北川 ぜひ、覚えて帰ってほしい偉人ですね。
結構、特徴的な顔をしているので、ぜひ皆さん覚えて帰ってくださいね。
エドワード・ウィッテン(Edward Witten 1951~)です。
世界の物理統一理論「超ひも理論」を提唱
まず誰なのかをお話ししないと、ピンと来ないと思います。
僕は理論物理を研究していて、彼は理論物理学者です。
聞いたことがあるか分かりませんが、「超ひも理論」(※)という理論があって、いわゆる世界の全物理理論の統一理論として提案されているものです。

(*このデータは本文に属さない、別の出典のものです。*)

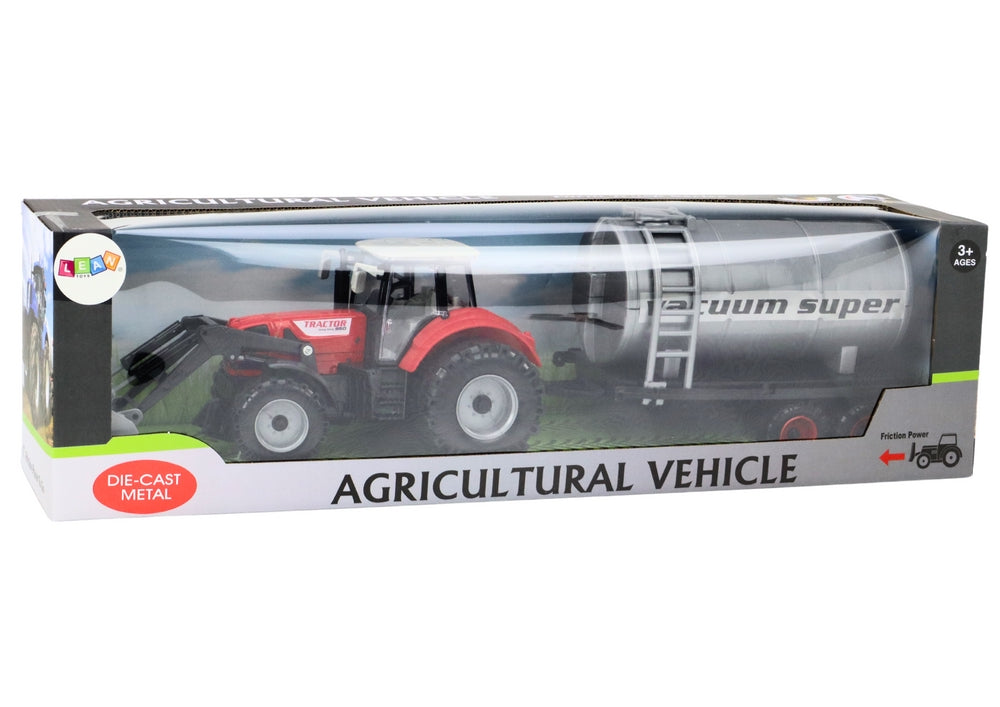 Leksak grävmaskintraktor med tank 26,5 cm röd friktionsdrift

▶21世紀の宇宙の数学、超弦理論(リクルートワークス研究所)
皆さんあまりピンと来ないかもしれませんが、今は実は理論物理の理論は完全に矛盾を起こしているのです。
矛盾している理論が2つあって、1つが「量子力学」と言われる理論です。
量子力学はもうすでに正しいものだと証明されていて、超電導物質など、今我々が使っている色々なテクノロジー、半導体もそうですが、それらに使われている理論です。
この量子力学と、「重力理論」も使われていますよね。
アインシュタインの重力計算を使って、今の我々の通信やGPSが全部成り立っていますので、我々の時間や距離の計算の仕方は、全部重力理論に基づいています。
石川 重力理論がないと、GPSが動かないもんね。
北川 これがないと全く動きません。
つまり、2つとも我々の生活に必須中の必須の理論なのにもかかわらず、実はこの2つが全く一緒に説明できないのです。
それをもって全理論物理学者が、これを統合しようという努力をしています。
その一つの提案が、「超ひも理論」で、スーパー・ストリング・セオリー(superstring theory)とも呼ばれるものです。
その究極の統合理論の創始者の1人がエドワード・ウィッテンで、その中でも最も貢献の大きい人間と言われています。
すごい人なんです。
物理学者として初めてフィールズ・メダルを受賞
北川 彼は理論物理学者ですが、4年に1回の数学のノーベル賞と言われるフィールズ・メダル(※)を物理学者として初めて受賞しました。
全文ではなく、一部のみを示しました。